Session 9 (2001)


I wasn’t aware of Brad Anderson’s “Session 9,” when it first came out with a limited release, but I’m glad I was finally able to see it, as it’s definitely something different and unique. Filming with digital injects the movie with a lot of dread and tension along with a more realistic feeling. The atmosphere is incredible with its dark corners of the setting often feeling ominous and harrowing.

Gordon Flemming (Peter Mullan) and Phil (David Caruso) are two asbestos cleaners that team for a job to clean an old abandoned Insane Asylum before it opens up again. With warnings from locals, they’re told the Asylum is haunted and still has some demons in it. They heed their warnings but decide to take on the job regardless. Little do they know that beneath the asbestos, they will find something potentially life threatening. Gordon Flemming is a man struggling with his new unwanted life as he scrounges for a job, while Caruso’s character is a druggie who is still getting over his ex-wife.

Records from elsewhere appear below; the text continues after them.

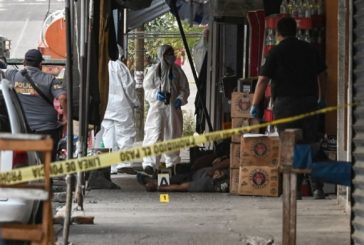 Cinco muertos y un herido en ataque en mercado de artesanías en Acapulco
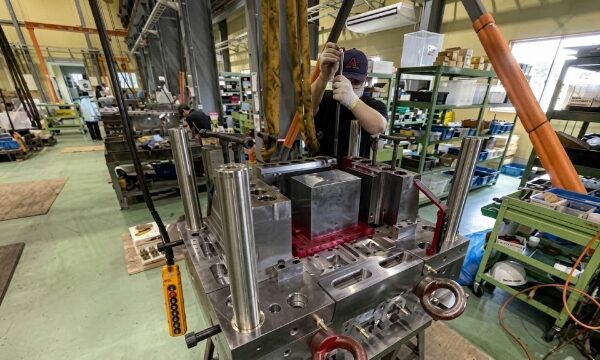 自動車部品から医療・日用品まで、
幅広い業界の金型製作・修理実績 | プラスチック金型メンテセンター.COM 自動車部品から医療・日用品まで、
幅広い業界の金型製作・修理実績 | プラスチック金型メンテセンター.COM
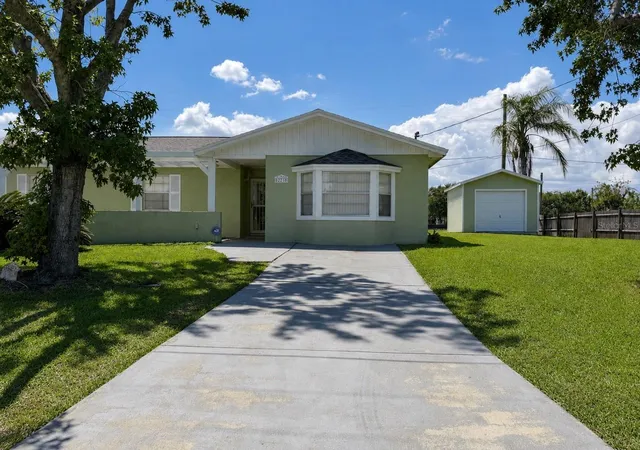 Photo 3 of Single family home for sale at 2777 Green Meadow Cir, Kissimmee, FL 34741 | MLS# O6436317 | Listing updated on 2026-09-16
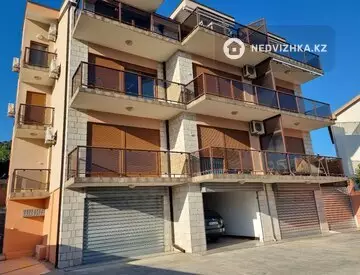 4-комнатная квартира, этаж 3 из 3, 85 м²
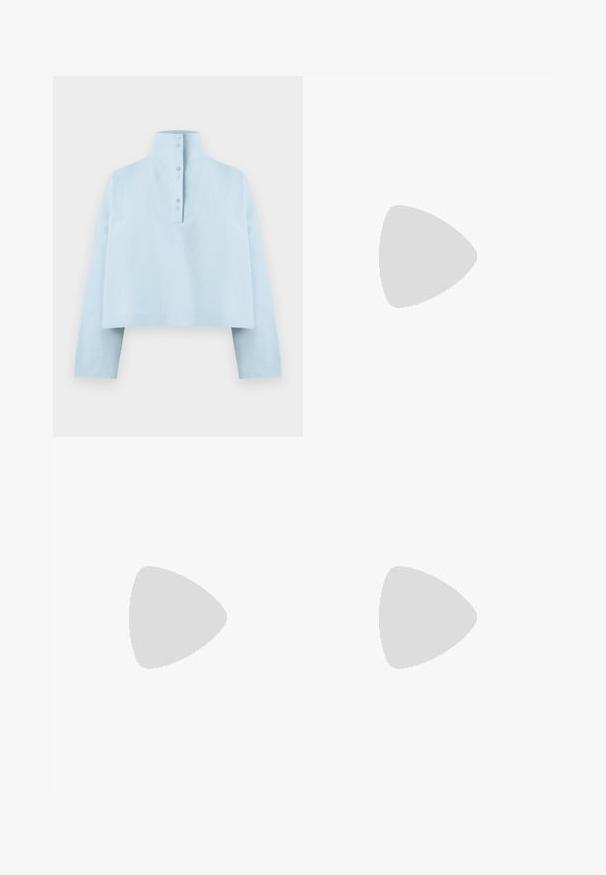 Ανοιχτό μπλε κοντό πουκάμισο με ψηλό γιακά, μακριά μανίκια και κλείσιμο με πέντε κουμπιά στην πλάτη. Φτιαγμένο από μία λεία, υφασμάτινη σύνθεση.; Μαύρο παντελόνι με φαρδιά πόδια και λεία υφή, με ψηλό καβάλο και κεντρικές πτυχές. Χωρίς ορατά σχέδια ή μεταλλικά στοιχεία.; Μαύρα δερμάτινα σανδάλια με χρυσές αγκράφες, διαθέτουν πολυάριθμες λωρίδες και επίπεδη σόλα σχεδίασης για ανοιχτό μπροστινό.; Μαύρη δερμάτινη τσάντα με δομημένο ορθογώνιο σχήμα. Διαθέτει χρυσό οβάλ κούμπωμα και λεπτό λουρί ώμου. Λείος υφάνισμα.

The setting alone is a character with every corridor shifting moods leaving the audience wondering if something is lurking in the corners. Peter Mullan and David Caruso give excellent performances as two friends who never see eye to eye with the job, providing a tension that adds to the already uneasy scenario. The entire movie is like one giant jigsaw puzzle, with a very plot-driven narrative, and when all the pieces puzzle come crashing together, it’s a jaw-dropper and utterly disturbing. Audiences looking for a quick scare here and there won’t find it here as Brad Anderson’s horror thriller is a stunning piece of art. What “Session 9” lacks in the commercial appeal, it more than makes up for in brains, and a brilliant, morbid peek in to human psychology.